Hurricane Katrina held so many heart-breaking stories about residents having to abandon their pets at the height of the disaster. While the majority of American families may never experience a major calamity such as a hurricane or an earthquake, disaster can strike anytime, anywhere. There has been growing awareness on the importance of disaster management and emergency preparedness among American homes nowadays, but pet safety during a calamity is often left out.
It’s a good thing that Congress passed the Pets Evacuation and Transportation Standards Act in 2006 after noting the inadequacies demonstrated on pet rescue and safety during Hurricane Katrina.
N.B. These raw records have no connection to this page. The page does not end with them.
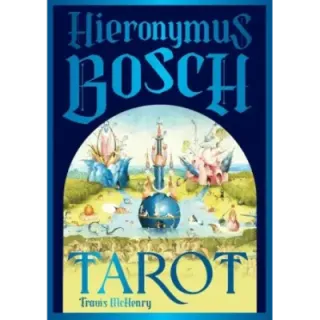 Hieronymus Bosch Tarot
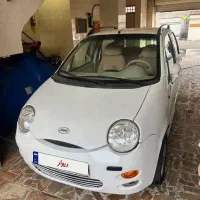ام‌وی‌ام ۱۱۰ ۴ سیلندر استثنایی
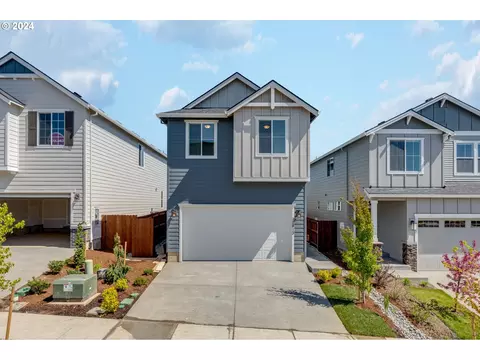 17813 NW 7th Ave, Ridgefield, WA 98642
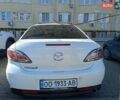 Білий Мазда 6, об'ємом двигуна 1.8 л та пробігом 160 тис. км за 7200 $, фото 3 на Automoto.ua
The act was first tested when Hurricane Gustav struck in 2008, and the initial leg of the program worked quite well.
Pet crates were made available at evacuation centers and other pick up points, and owners and their animals were banded with matching codes. They were brought to the same evacuation centers, drastically cutting instances of pets getting separated from their owners.
Although animals have natural instincts for survival, domesticated pets will rely on their owners to keep them safe during a disaster. It is advantageous to have an evacuation plan in place and emergency supplies ready to make it all easier for you, your family and your pets in case you have to abandon your home during an emergency situation.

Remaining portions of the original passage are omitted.